The U.S. government started shutting down early Tuesday after a deeply divided Congress deadlocked over the budget and health care and let the federal fiscal year run out without any agreement over how to keep the money flowing.

It was the first such fiscal collapse of the government in nearly two decades.

The partial closure will delay some passport and visa applications, shutter national parks and museums and furlough hundreds of thousands of federal employees. Essential services will still be provided; the military remains on duty.

President Obama declared the government had officially run out of money when the fiscal year expired at 12:01 a.m. EDT Tuesday.

“Congress has not fulfilled its responsibility,” Obama said in a video message sent to the U.S. military around the globe. “It has failed to pass a budget and, as a result, much of our government must now shut down until Congress funds it again.”
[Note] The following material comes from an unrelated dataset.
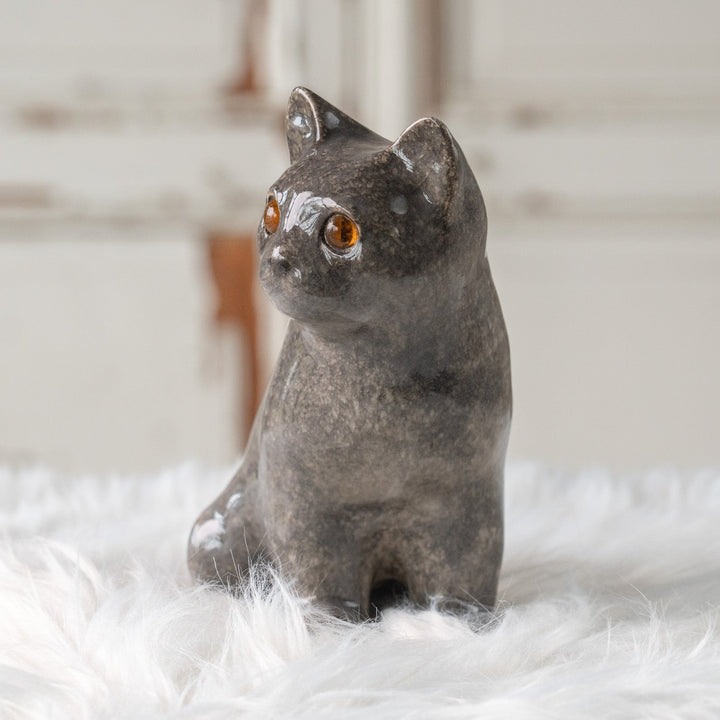 【Winstanley Cat ウィンスタンレイ キャット】きりっとした瞳でこちらを見つめる グレー 灰猫 /25L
The White House Office of Management and Budget sent an alert to all executive branch government offices telling them to start implementing shutdown plans: “Agencies should now execute plans for an orderly shutdown due to the absence of appropriations.”

The shutdown came after the Senate and the House engaged in a high-stakes political showdown well into the night – sending bills back and forth across the Capitol – but never coming close to a deal. It was driven by House efforts to try to force a weakening of the new Affordable Care Act, which Senate Democrats rejected.

The Republican-controlled House voted 228-201 late Monday to fund the government for two months while delaying the new federal health care law’s mandate that Americans be required to have insurance and canceling health care subsidies for members of Congress. The Democratic-led Senate voted 54-46 to reject the proposal, just as it did earlier in the day on a similar measure that would have postponed the entire health care law, the president’s signature domestic achievement.

As the clock ticked toward the shutdown deadline, the House readied a new tactic, looking to set up direct negotiations with the Senate by appointing a team of budget negotiators called “conferees” to work with Senate counterparts to hash out a compromise in the coming days. But the Senate flatly rejected that proposal without a temporary budget extension.

“We like to resolve issues,” said Senate Majority Leader Harry Reid, D-Nev. “But we will not go to conference with a gun to our head.”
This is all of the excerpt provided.